→ **Exercise prompt**:
Could you please reproduce all the records below exactly, leaving out the images?
[Given records — start]
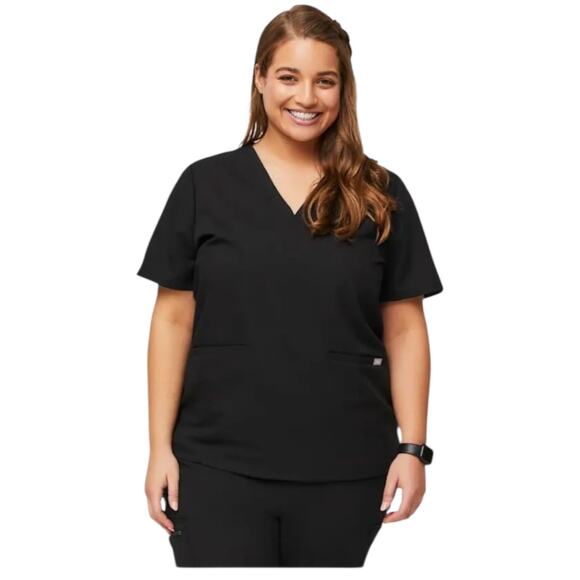 FIGS Black Casma Three-Pocket Technical Collection Scrub Top -Large - Picture 1 of 13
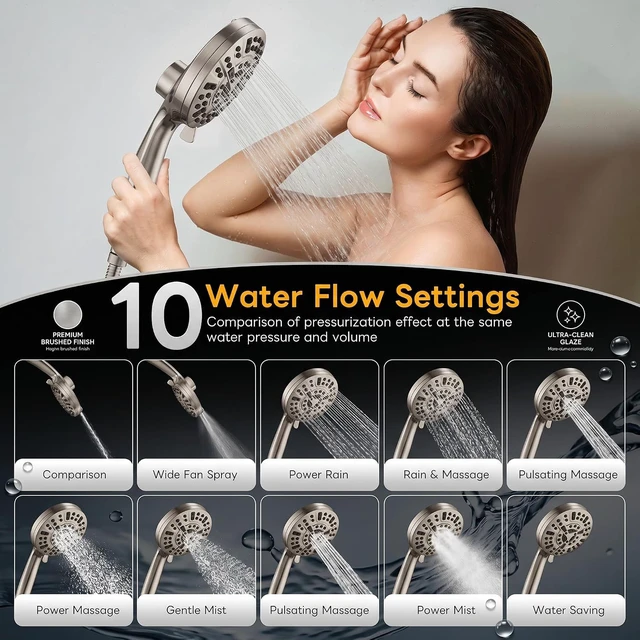 Alt view image 4 of 7 - Magnetic Handheld Shower Head Brushed Nickel Magnetic Docking System,10-Function High Pressure Detachable Shower Head, 5-inch Shower head with 60 Inch Hose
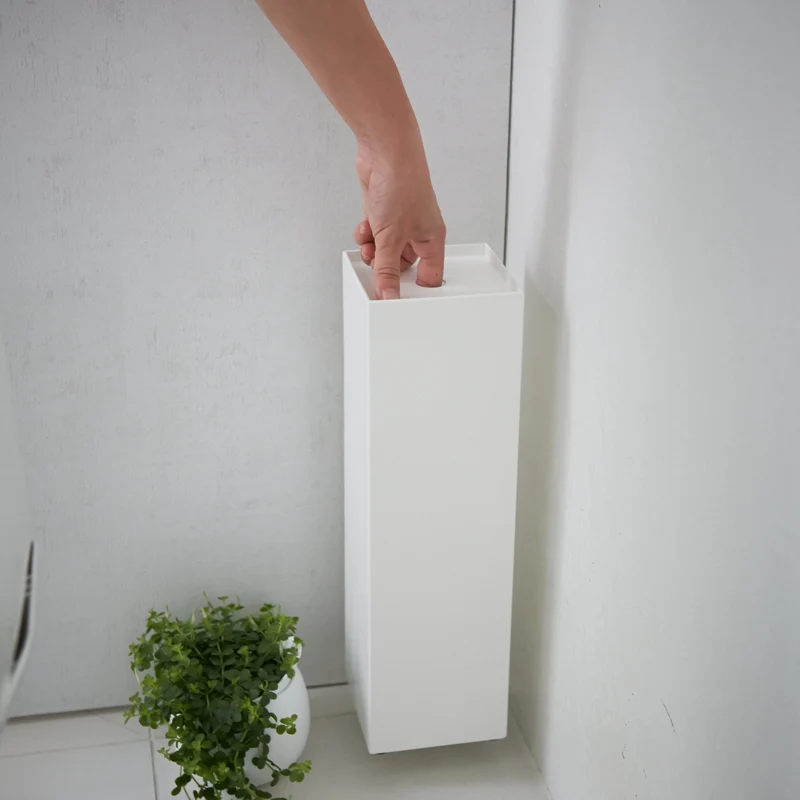 Meuble de rangement minimaliste blanc pour papier toilette - Yamazaki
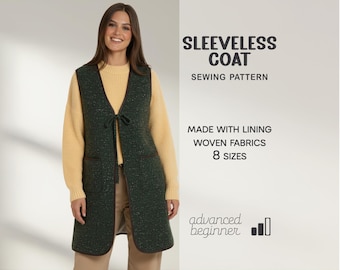 Winter Coat Sewing Pattern For Women, Vest Pattern, Sleeveless Long Jacket Pattern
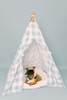 This tent is made of a light blue buffalo check (also known as gingham) and it is made of 100% cotton twill fabric.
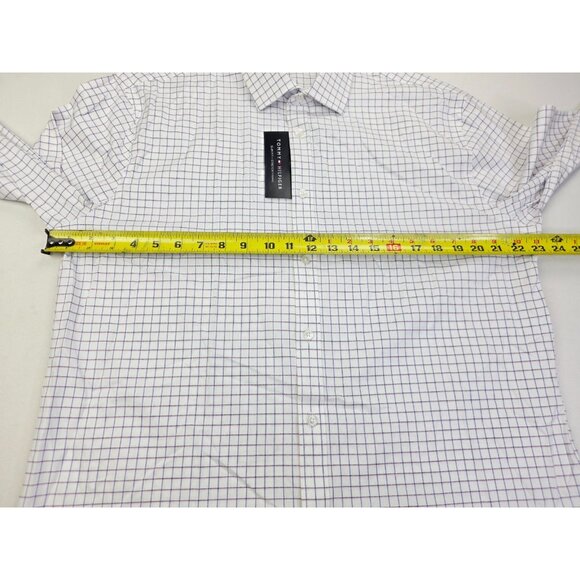 Tommy Hilfiger Slim Fit Stretch 16.5 34-35 Large White Plum Blue Check Shirt NWT - Picture 3 of 11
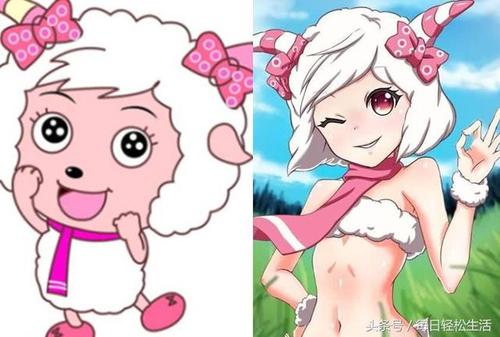 当童年动漫角色拟人化,红太变的妩媚诱惑,美羊羊变成可爱正太?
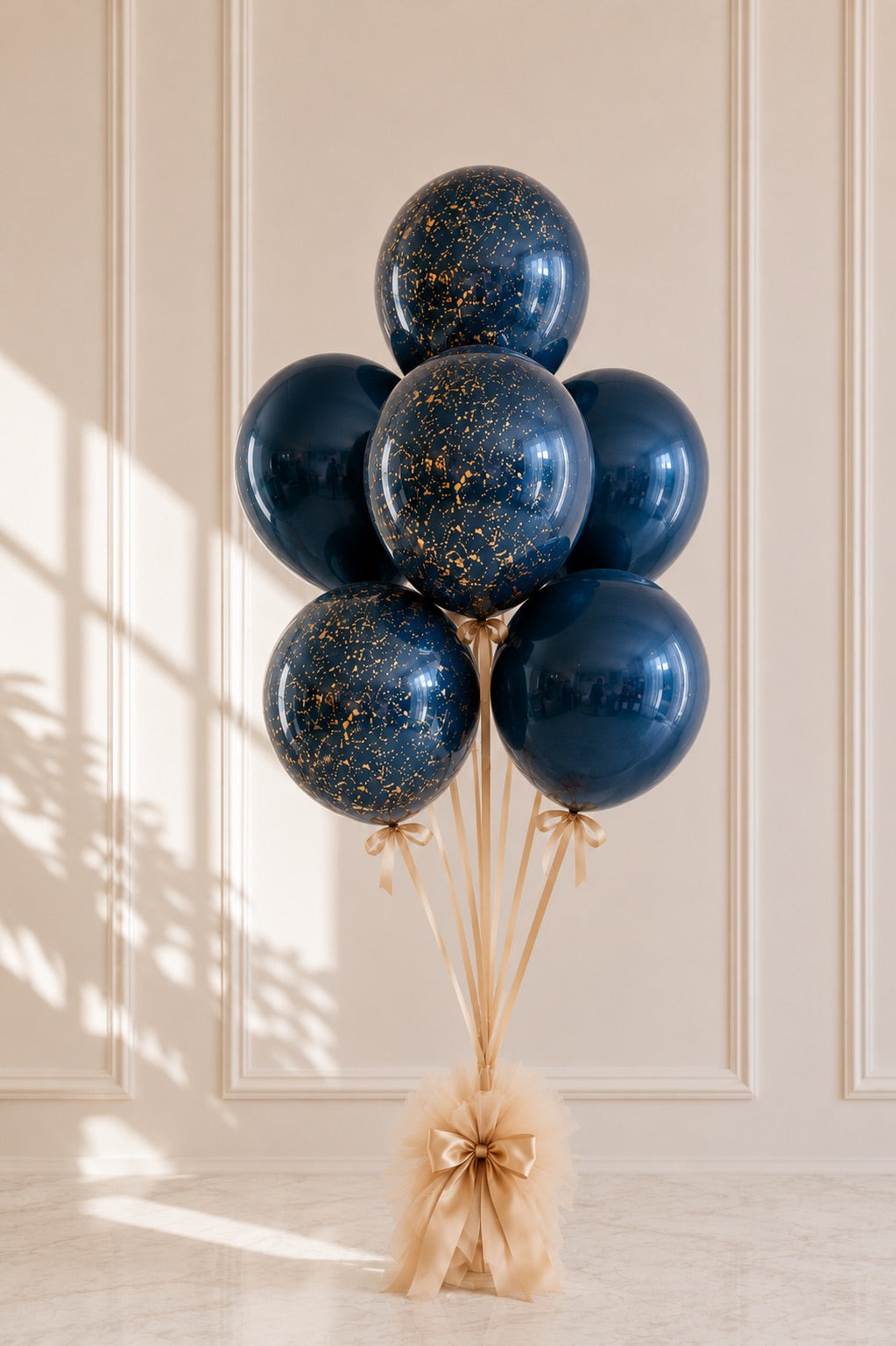 The Boardroom corporate balloon gift bouquet in sage, tan, and cream — Spokane corporate gifting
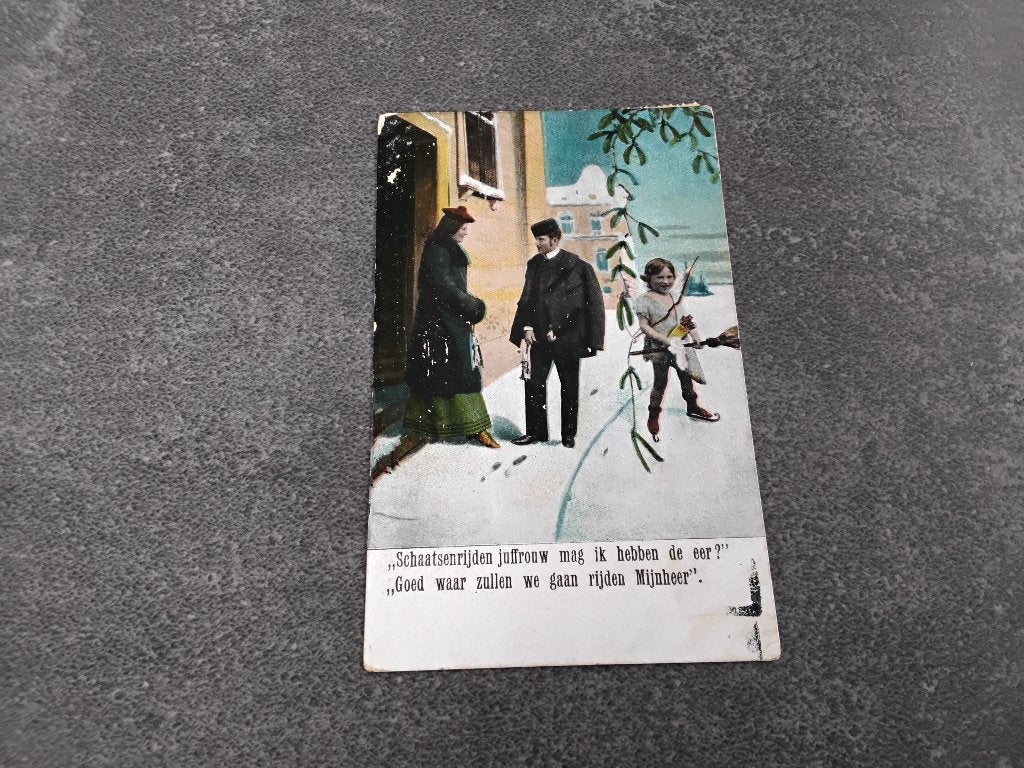 Schaatsenrijden juffrouw 1907, Verzenden, Voor 1920, Gelopen, Overige thema's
[Given records — finish]
→ **Exercise result**:
 FIGS Black Casma Three-Pocket Technical Collection Scrub Top -Large - Picture 1 of 13
 Alt view image 4 of 7 - Magnetic Handheld Shower Head Brushed Nickel Magnetic Docking System,10-Function High Pressure Detachable Shower Head, 5-inch Shower head with 60 Inch Hose
 Meuble de rangement minimaliste blanc pour papier toilette - Yamazaki
 Winter Coat Sewing Pattern For Women, Vest Pattern, Sleeveless Long Jacket Pattern
 This tent is made of a light blue buffalo check (also known as gingham) and it is made of 100% cotton twill fabric.
 Tommy Hilfiger Slim Fit Stretch 16.5 34-35 Large White Plum Blue Check Shirt NWT - Picture 3 of 11
 当童年动漫角色拟人化,红太变的妩媚诱惑,美羊羊变成可爱正太?
 The Boardroom corporate balloon gift bouquet in sage, tan, and cream — Spokane corporate gifting
 Schaatsenrijden juffrouw 1907, Verzenden, Voor 1920, Gelopen, Overige thema's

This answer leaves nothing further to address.